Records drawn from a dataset
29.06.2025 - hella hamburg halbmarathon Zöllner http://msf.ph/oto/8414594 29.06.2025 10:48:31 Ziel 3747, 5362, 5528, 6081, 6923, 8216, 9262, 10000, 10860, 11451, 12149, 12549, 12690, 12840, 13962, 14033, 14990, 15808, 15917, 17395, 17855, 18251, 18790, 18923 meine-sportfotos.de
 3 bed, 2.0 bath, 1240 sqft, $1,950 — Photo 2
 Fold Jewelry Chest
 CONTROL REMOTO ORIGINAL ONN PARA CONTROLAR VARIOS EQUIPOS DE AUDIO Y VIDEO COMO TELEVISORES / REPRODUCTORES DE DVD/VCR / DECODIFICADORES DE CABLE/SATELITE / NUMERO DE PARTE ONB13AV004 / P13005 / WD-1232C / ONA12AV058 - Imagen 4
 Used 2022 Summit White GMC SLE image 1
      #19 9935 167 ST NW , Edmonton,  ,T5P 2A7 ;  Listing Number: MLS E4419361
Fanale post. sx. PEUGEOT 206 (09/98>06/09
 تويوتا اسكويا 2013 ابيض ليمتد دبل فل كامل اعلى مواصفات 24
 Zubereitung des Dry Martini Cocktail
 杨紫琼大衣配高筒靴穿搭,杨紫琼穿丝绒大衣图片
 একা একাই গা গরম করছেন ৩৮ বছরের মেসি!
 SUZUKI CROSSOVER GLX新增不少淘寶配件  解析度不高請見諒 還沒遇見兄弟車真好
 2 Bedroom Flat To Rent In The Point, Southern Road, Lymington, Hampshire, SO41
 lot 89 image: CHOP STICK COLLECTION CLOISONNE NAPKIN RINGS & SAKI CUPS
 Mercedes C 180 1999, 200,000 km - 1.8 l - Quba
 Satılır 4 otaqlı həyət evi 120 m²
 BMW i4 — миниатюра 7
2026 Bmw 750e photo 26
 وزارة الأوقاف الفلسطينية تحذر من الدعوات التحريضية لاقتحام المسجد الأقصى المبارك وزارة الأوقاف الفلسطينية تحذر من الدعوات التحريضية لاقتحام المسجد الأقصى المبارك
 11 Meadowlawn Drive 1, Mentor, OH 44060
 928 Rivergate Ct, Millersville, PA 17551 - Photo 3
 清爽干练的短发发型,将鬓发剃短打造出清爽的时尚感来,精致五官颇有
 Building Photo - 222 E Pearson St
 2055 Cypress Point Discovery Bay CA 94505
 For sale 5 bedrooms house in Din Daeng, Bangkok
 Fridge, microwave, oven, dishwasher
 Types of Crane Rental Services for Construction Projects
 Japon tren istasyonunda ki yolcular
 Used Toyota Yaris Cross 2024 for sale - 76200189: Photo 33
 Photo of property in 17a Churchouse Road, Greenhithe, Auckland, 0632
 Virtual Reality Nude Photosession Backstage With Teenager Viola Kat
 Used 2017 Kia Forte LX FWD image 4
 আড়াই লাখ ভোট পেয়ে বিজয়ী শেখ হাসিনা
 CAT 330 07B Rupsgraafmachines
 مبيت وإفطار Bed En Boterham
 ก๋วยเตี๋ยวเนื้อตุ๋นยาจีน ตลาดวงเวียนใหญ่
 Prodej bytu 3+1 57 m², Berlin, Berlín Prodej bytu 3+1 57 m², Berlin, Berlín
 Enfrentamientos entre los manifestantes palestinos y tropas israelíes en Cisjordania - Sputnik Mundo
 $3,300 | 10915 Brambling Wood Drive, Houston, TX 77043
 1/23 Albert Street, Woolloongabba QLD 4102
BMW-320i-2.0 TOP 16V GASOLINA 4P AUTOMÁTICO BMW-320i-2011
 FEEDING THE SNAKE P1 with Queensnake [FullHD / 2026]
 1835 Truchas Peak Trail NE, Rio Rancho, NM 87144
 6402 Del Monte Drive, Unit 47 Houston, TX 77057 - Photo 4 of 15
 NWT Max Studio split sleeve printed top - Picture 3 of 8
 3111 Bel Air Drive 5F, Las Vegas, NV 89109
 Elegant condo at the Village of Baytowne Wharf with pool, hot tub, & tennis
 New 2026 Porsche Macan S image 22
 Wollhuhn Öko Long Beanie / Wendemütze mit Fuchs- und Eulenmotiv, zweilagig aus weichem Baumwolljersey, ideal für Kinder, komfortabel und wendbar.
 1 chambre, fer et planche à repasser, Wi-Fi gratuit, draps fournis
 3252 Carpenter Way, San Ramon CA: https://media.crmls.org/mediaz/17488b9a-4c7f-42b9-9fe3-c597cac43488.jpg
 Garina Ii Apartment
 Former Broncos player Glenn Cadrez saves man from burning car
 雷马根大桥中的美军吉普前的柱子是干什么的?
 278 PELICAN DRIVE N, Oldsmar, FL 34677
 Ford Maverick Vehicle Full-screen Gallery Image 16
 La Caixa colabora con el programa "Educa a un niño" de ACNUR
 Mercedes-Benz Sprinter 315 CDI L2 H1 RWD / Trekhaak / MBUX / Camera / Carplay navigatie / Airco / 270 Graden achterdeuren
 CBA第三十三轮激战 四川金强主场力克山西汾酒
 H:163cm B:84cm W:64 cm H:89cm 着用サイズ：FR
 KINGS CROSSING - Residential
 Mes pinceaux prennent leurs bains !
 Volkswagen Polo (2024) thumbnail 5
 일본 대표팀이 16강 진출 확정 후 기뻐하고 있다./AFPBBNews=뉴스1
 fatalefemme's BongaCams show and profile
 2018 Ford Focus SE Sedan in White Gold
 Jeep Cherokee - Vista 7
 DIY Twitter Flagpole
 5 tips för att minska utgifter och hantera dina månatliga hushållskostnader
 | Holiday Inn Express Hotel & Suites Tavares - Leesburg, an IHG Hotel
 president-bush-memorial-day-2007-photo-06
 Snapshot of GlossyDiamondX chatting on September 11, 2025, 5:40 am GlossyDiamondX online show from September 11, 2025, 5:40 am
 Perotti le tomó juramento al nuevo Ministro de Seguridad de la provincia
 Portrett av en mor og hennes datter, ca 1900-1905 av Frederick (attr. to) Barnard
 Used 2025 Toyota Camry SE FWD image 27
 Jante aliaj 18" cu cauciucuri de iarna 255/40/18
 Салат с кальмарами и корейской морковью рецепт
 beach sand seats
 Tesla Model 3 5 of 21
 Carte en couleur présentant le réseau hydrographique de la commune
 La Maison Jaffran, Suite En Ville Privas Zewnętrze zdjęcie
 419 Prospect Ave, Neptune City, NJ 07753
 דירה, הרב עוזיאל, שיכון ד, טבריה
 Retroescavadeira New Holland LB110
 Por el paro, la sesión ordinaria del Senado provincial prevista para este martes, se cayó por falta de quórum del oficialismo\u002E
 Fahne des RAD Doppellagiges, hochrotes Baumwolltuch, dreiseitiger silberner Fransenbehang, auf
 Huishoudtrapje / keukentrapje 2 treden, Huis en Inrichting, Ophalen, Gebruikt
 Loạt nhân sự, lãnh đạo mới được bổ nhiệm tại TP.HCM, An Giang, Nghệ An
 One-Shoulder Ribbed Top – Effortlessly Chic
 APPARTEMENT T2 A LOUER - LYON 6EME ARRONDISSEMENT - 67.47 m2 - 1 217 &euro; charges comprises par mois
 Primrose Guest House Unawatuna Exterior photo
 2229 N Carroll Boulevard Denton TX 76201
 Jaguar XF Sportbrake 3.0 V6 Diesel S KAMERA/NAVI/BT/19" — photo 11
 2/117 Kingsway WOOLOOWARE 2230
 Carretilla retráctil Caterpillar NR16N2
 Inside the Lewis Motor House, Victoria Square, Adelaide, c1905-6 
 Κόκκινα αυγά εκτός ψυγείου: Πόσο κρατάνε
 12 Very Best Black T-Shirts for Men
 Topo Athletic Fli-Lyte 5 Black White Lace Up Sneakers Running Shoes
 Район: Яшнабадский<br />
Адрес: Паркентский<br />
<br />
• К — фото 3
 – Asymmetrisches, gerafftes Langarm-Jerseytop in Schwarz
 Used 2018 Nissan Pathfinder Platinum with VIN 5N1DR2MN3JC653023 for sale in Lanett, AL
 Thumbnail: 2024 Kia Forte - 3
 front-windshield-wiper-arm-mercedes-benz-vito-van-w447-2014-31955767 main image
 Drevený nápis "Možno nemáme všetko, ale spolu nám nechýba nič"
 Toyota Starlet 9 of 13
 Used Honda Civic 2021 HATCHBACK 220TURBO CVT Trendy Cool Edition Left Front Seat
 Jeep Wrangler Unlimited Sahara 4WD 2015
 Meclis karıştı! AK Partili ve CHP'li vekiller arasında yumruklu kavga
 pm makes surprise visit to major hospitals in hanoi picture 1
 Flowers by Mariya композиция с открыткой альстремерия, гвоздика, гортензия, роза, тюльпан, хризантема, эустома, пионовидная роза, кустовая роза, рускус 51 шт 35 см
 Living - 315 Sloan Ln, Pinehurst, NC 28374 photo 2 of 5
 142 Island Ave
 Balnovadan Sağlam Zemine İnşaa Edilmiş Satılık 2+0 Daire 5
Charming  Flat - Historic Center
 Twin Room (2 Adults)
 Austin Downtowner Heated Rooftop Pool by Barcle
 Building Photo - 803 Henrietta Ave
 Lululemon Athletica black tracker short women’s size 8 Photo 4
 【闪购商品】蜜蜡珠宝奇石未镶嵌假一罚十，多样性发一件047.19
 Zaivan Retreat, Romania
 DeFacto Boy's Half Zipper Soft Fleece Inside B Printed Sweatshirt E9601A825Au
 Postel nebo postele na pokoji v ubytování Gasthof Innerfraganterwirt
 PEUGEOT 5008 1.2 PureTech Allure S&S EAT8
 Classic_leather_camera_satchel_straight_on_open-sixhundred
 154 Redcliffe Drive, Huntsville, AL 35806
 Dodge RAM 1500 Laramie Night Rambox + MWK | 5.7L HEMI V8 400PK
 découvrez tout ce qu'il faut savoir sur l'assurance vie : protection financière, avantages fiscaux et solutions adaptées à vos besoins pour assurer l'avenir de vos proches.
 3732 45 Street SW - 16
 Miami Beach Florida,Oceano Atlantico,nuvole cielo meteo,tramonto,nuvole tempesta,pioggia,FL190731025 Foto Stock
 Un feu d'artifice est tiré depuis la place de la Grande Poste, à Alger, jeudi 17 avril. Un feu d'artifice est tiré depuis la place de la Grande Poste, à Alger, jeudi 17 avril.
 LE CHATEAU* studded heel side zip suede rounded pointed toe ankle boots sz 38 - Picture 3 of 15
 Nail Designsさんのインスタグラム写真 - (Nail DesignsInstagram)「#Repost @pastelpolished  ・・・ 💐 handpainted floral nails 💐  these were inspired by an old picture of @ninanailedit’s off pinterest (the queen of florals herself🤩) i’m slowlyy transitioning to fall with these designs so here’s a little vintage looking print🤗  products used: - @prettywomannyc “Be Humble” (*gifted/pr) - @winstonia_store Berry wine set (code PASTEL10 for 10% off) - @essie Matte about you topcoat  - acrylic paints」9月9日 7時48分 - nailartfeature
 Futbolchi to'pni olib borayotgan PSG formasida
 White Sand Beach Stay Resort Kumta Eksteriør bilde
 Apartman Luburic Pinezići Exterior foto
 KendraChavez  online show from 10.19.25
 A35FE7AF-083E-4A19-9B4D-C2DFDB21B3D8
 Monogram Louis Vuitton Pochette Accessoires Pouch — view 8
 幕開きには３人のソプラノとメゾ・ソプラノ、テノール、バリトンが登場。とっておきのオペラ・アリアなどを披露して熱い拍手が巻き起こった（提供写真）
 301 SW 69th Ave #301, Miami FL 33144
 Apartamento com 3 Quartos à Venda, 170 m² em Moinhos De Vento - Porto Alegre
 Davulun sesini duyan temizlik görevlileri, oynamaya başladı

Your assignment:
Restate word for word the entries above, starting at the line with "142 Island Ave" and ending at the line with "LE CHATEAU* studded", inclusive, and no others.

Answer section:
 142 Island Ave
 Balnovadan Sağlam Zemine İnşaa Edilmiş Satılık 2+0 Daire 5
Charming  Flat - Historic Center
 Twin Room (2 Adults)
 Austin Downtowner Heated Rooftop Pool by Barcle
 Building Photo - 803 Henrietta Ave
 Lululemon Athletica black tracker short women’s size 8 Photo 4
 【闪购商品】蜜蜡珠宝奇石未镶嵌假一罚十，多样性发一件047.19
 Zaivan Retreat, Romania
 DeFacto Boy's Half Zipper Soft Fleece Inside B Printed Sweatshirt E9601A825Au
 Postel nebo postele na pokoji v ubytování Gasthof Innerfraganterwirt
 PEUGEOT 5008 1.2 PureTech Allure S&S EAT8
 Classic_leather_camera_satchel_straight_on_open-sixhundred
 154 Redcliffe Drive, Huntsville, AL 35806
 Dodge RAM 1500 Laramie Night Rambox + MWK | 5.7L HEMI V8 400PK
 découvrez tout ce qu'il faut savoir sur l'assurance vie : protection financière, avantages fiscaux et solutions adaptées à vos besoins pour assurer l'avenir de vos proches.
 3732 45 Street SW - 16
 Miami Beach Florida,Oceano Atlantico,nuvole cielo meteo,tramonto,nuvole tempesta,pioggia,FL190731025 Foto Stock
 Un feu d'artifice est tiré depuis la place de la Grande Poste, à Alger, jeudi 17 avril. Un feu d'artifice est tiré depuis la place de la Grande Poste, à Alger, jeudi 17 avril.
 LE CHATEAU* studded heel side zip suede rounded pointed toe ankle boots sz 38 - Picture 3 of 15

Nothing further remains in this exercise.